Shockwave therapy

Evidence: moderate

Extracorporeal shockwave therapy is the best-evidenced passive treatment in this group. For chronic Achilles tendinopathy, gluteal and proximal hamstring tendinopathy, and stubborn plantar fasciopathy it gives a real benefit beyond standard care, and works best added to loading rather than used alone. It is an adjunct for slow, loading-resistant cases, not a first move or a quick fix.

Not medical advice

This is a general knowledge base, not medical or dietary advice. If you are injured, unwell or weighing up a supplement or a change to your diet, speak to a doctor, physiotherapist or registered dietitian who knows your situation.

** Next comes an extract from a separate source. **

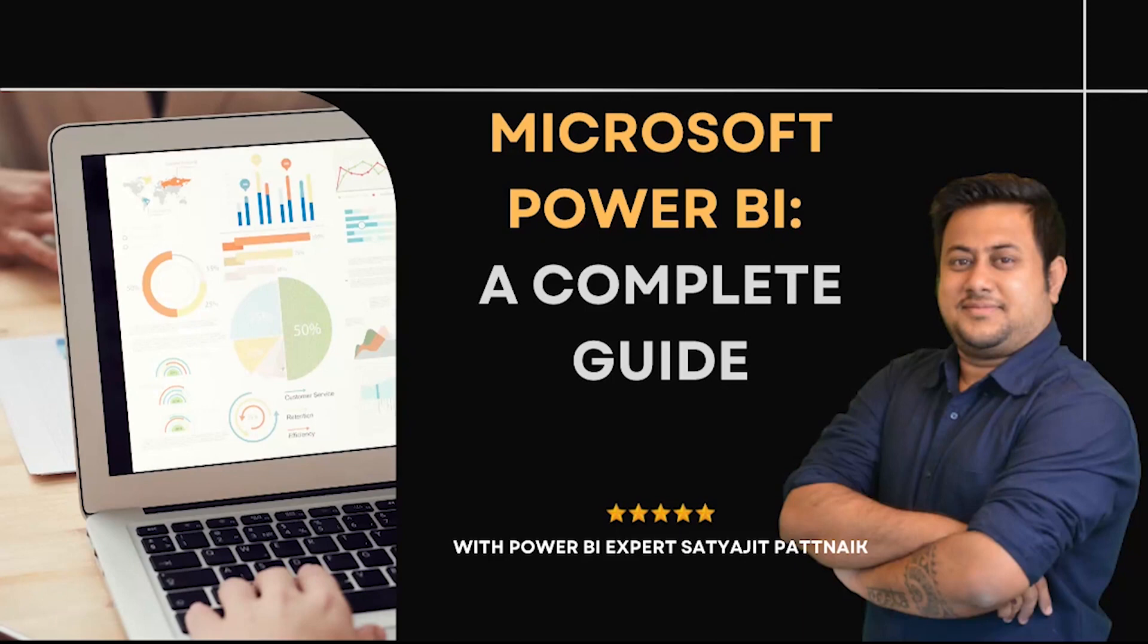Hey y'all! Satyajit Patnaik here and welcome to the end-to-end Microsoft Power BI tutorials.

Extracorporeal shockwave therapy (ESWT) delivers pulses of acoustic energy to a tendon or fascia through the skin, in a course of weekly sessions. Among the passive injury treatments it has the strongest evidence base, which is why it earns a moderate grade where most of the others sit at limited or weak.

How it is thought to work

The mechanism is not fully settled, but the leading explanations are mechanotransduction (the mechanical pulses provoke a cellular healing and remodelling response in degenerative tissue), local neovascularisation, and a direct analgesic effect on sensory nerve endings (ESWT safety and mechanism review). The target is the kind of load-driven, degenerative tissue change that sits behind tendinopathy and plantar fasciopathy, which is why shockwave is used for those slow, structural problems rather than for acute pain. Devices come in focused and radial types, which differ in how deep the energy penetrates; both are used clinically.

What the evidence shows

For mid-portion Achilles tendinopathy, a systematic review of randomised trials found moderate-quality evidence that ESWT improves pain and function over standard care, with a pooled gain of around nine points on the VISA-A score, and the best results came when it was combined with eccentric loading rather than used on its own; for insertional disease the evidence was very low quality and did not support a benefit (ESWT Achilles review 2022). A separate meta-analysis across patellar tendinopathy, Achilles tendinopathy and plantar fasciitis found a large, high-certainty benefit only for plantar fasciitis, with negligible effects on patellar and Achilles tendinopathy (ESWT tendinopathy meta 2023).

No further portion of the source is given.